Make sure that you have Git installed and that you can run its commands from a shell. (Enter git help at a shell prompt to test this.)

Check out Pyedra main development branch like so:

$ git clone https://github.com/milicolazo/Pyedra.git
...

This will create a directory Pyedra in your current directory.

Then you can proceed to install with the commands

$ cd Pyedra
$ pip install -e .
...

Pyedra’s Tutorial

This tutorial is intended to serve as a guide for using Pyedra to analyze asteroid phase curve data.

Imports

The first thing we will do is import the necessary libraries. In general you will need the following: - pyedra (pyedra) is the library that we present in this tutorial. - pandas (pandas) this library will allow you to import your data as a dataframe.

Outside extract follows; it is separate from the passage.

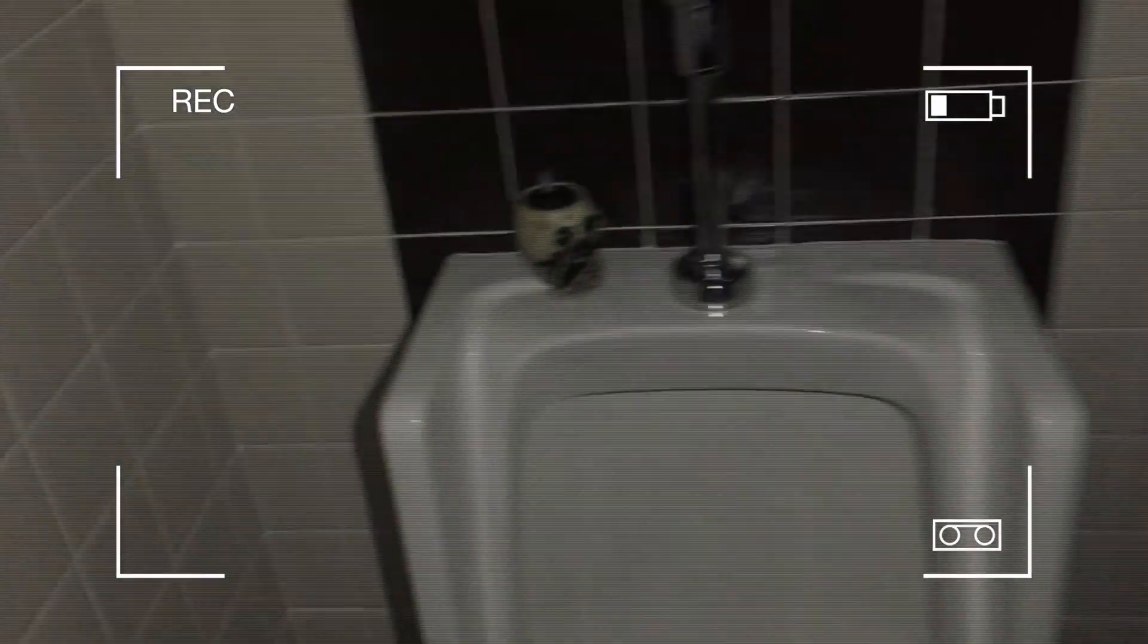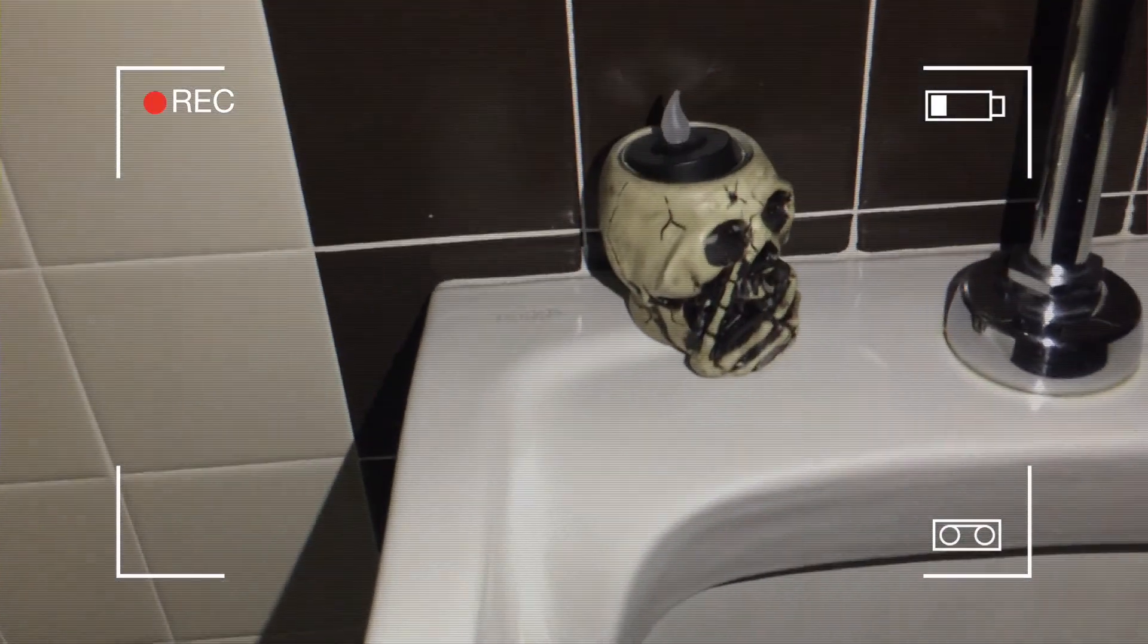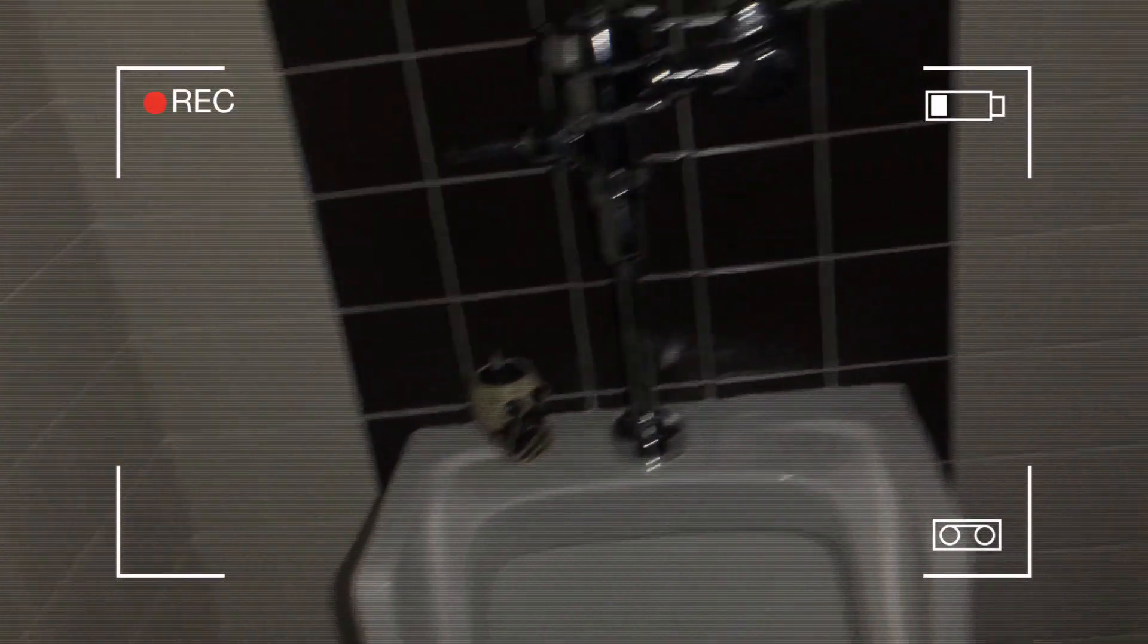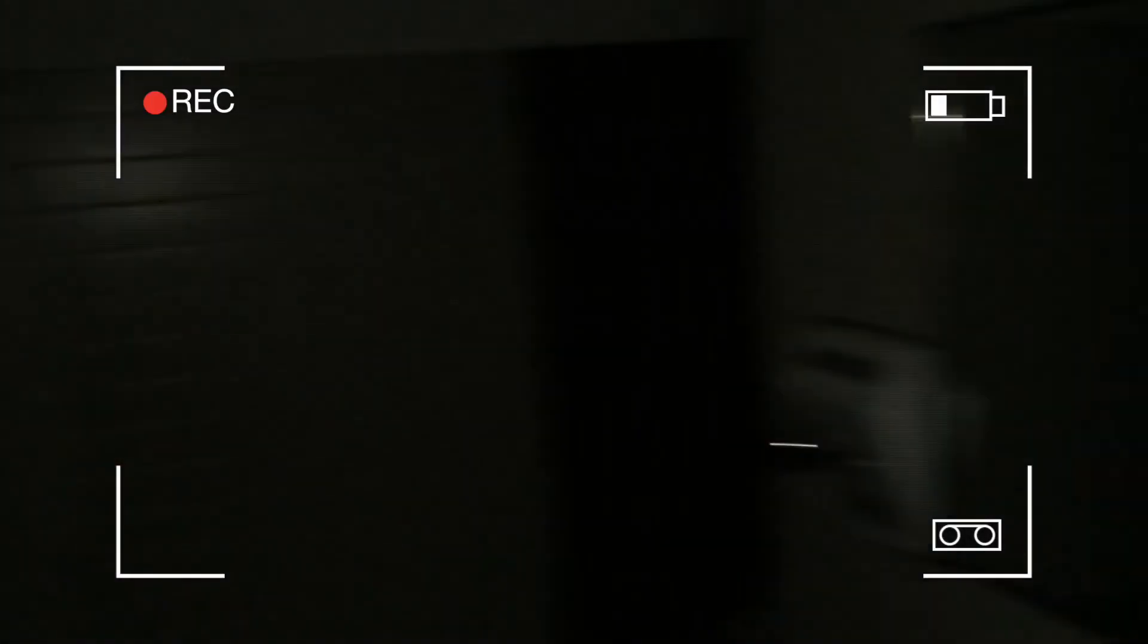All right, so we are in Glenrock High School right now. We're going to try to summon Bloody Mary. We have our sacrificial candle sitting right there. So let's give it a try. Nothing's going to happen anyways, though.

Note: In this tutorial we assume that you already have experience using these libraries.

[1]:
import pyedra
import pandas as pd

Upload the data

The next thing we have to do is load our data. Pyedra should receive a dataframe with three columns: id (MPC number of the asteroid), alpha (\(\alpha\), phase angle) and v (reduced magnitude in Johnson’s V filter). You must respect the order and names of the columns as they have been mentioned. In this step we recommend the use of pandas:

df = pd.read_csv('somefile.csv')

For this tutorial we will use a preloaded data set offered by Pyedra.

[2]:
df = pyedra.datasets.load_carbognani2019()

Here we show you the structure that your data file should have. Note that the file can contain information about many asteroids, which allows to obtain catalogs of the parameters of the phase function for large databases.

[3]:
df
[3]:
id alpha v
0 85 0.89 7.62
1 85 1.18 7.67
2 85 2.07 7.82
3 85 5.11 8.01
4 85 16.24 8.48
5 85 17.49 8.53
6 85 21.24 8.66
7 208 0.64 9.20
8 208 1.01 9.24
9 208 1.74 9.39
10 208 3.75 9.69
11 208 11.85 9.73
12 208 17.28 9.97
13 208 19.18 9.99
14 236 0.86 8.28
15 236 1.27 8.17
16 236 1.95 8.22
17 236 6.39 8.82
18 236 9.77 8.73
19 236 10.69 8.78
20 236 22.14 9.12
21 236 24.72 9.16
22 306 5.45 9.18
23 306 5.83 9.17
24 306 6.34 9.21
25 306 8.00 9.28
26 306 16.03 9.61
27 306 21.23 9.60
28 306 22.85 9.69
29 313 0.57 8.94
30 313 0.99 9.06
31 313 4.74 9.21
32 313 8.37 9.41
33 313 10.50 9.54
34 313 20.33 9.86
35 338 1.54 8.74
36 338 3.86 8.93
37 338 10.89 9.49
38 338 18.93 9.85
39 338 19.25 9.77
40 522 2.00 9.23
41 522 2.19 9.28
42 522 4.07 9.36
43 522 4.99 9.41
44 522 7.40 9.55
45 522 13.67 9.85
46 522 16.24 9.88

Fit your data

Pyedra’s main objective is to fit a phase function model to our data. Currently the api offers three different models:

  • HG_fit (H, G model): \(V(\alpha)=H-2.5log_{10}[(1-G)\Phi_{1}(\alpha)+G\Phi_{2}(\alpha)]\)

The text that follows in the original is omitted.